Imagine being pulled over on suspicion of driving drunk even though you hadn’t had a drop of alcohol. Now imagine a blood alcohol test showing you were at twice the legal limit – again, even though you hadn’t drunk any alcohol.
Such was the case of a North Carolina man, who insisted he hadn’t drunk despite his blood alcohol level being 0.2%, more than twice the legal limit of 0.08%. He was pulled over but refused to take a breathalyzer, so he was taken to a hospital, where his BAC was determined.
He continued to say he hadn’t touched alcohol but, naturally, no one believed him.
It wasn’t until he was studied by researchers at the Richmond University Medical Center in New York that he found out what was causing his alleged drunkenness – a medical condition.
CNN reported the man was discovered to have a rare condition known as auto-brewery system (ABS) or gut fermentation syndrome. The condition causes his body to convert carbohydrates into alcohol.

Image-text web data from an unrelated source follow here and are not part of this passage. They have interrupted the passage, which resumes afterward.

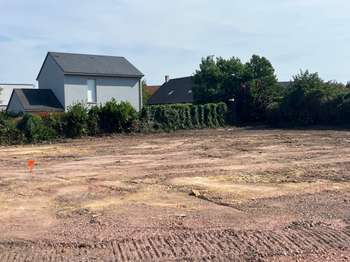 Vente de terrain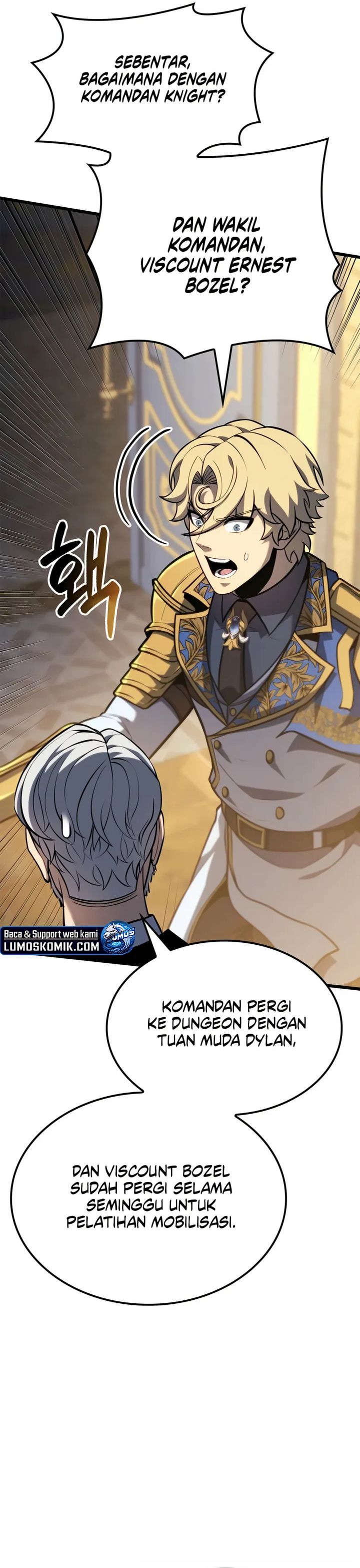 The Count’s Youngest Son Is A Player! Chapter 117 page 42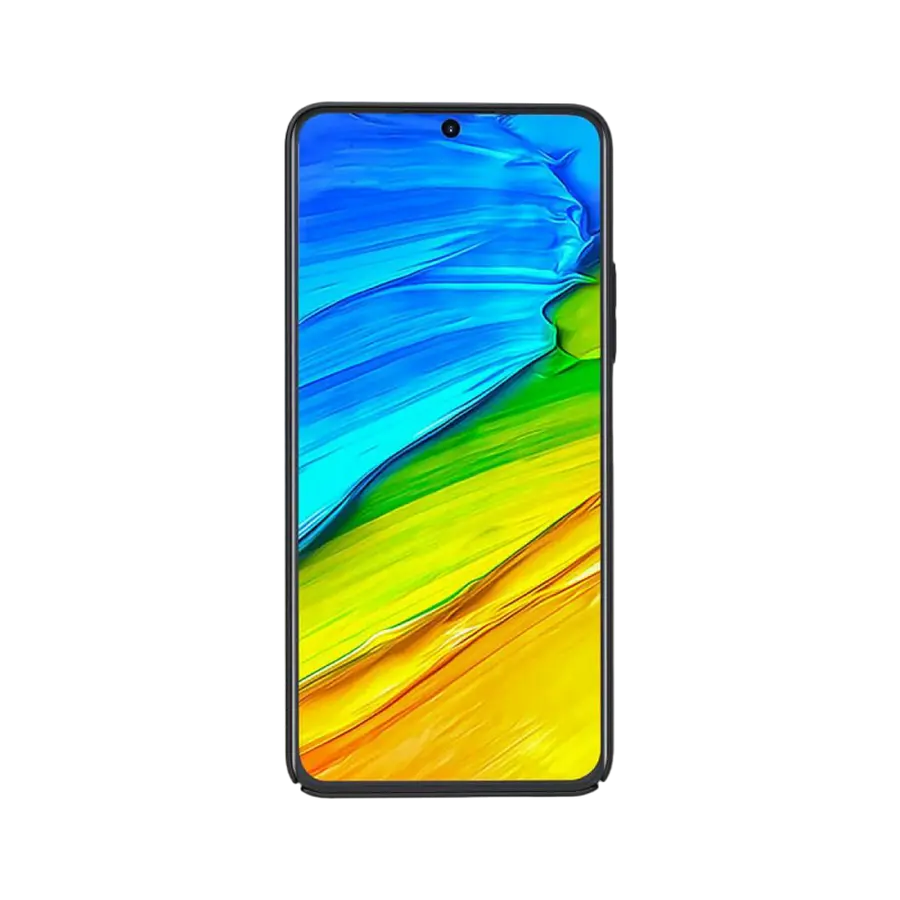 Husă Nillkin Redmi Note 11 Pro - Camshield Pro, Negru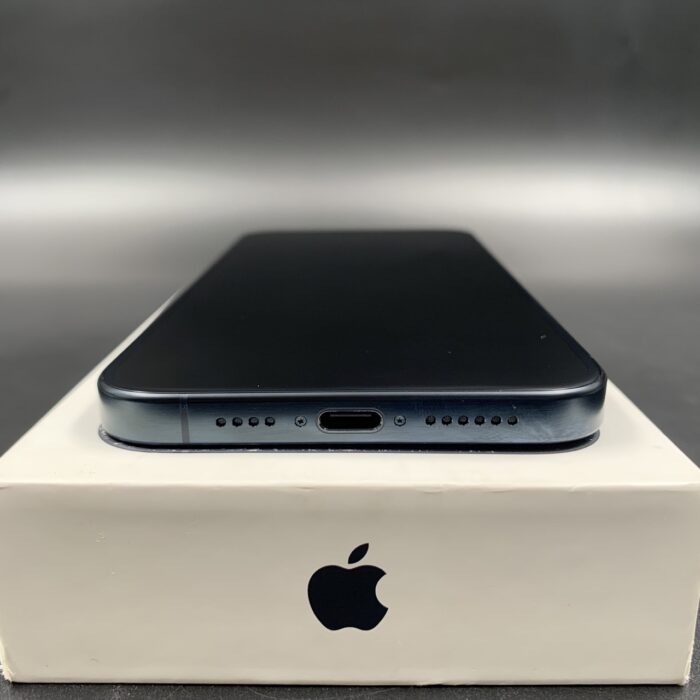 iPhone 15 Pro Max 256GB Blue Titanium (Esim only) - Image 6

The doctors that studied him published a study in BMJ Open Gastroenterology about his condition and what they did to treat him. The study’s lead author, Fahad Malik, chief internal medicine resident at the University of Alabama-Birmingham, told CNN what happens to a person with the condition.
“These patients have the exact same implications of alcoholism: the smell, the breath, drowsiness, gait changes,” Malik told the outlet. “They will present as someone who’s intoxicated by alcohol, but the only difference here is that these patients can be treated by antifungal medications.”
The man didn’t have the condition his entire life. It wasn’t like he was falling down “drunk” in grade school. The condition developed after he took antibiotics to treat an injury to his thumb.
“His personality started to change, researchers wrote in the study, and he experienced episodes of depression, ‘brain fog,’ memory loss and aggressive behavior that was out of character for him,” CNN reported.
Three years after his drunk driving arrest, doctors in Ohio found two strains of yeast and told him to cut carbs out of his diet and take supplements. He seemed fine at first, but a few weeks later he began acting drunk again.
Nothing seemed to help the condition, and at some point the man fell down due to his blood alcohol level, leading to brain bleeding. Eventually, after finding an online support group, the man was directed to the Richmond University Medical Center. The researchers there found that, possibly due to the antibiotics he had taken for his thumb, his “gut microbiome” had been altered, leading to ABS.
The man was given probiotics and treated with antifungal therapies, which helped his condition. After a year and a half – except for one time when he ate pizza and beer – he appears to be nearly cured.
“Approximately 1.5 years later, he remains asymptomatic and has resumed his previous lifestyle, including eating a normal diet while still checking his breath alcohol levels sporadically,” the study’s authors wrote, as reported by CNN.
This man is not the only one with this condition. It has been studied since the early part of the century, and researchers hope their method of treating the North Carolina man can help others with the condition.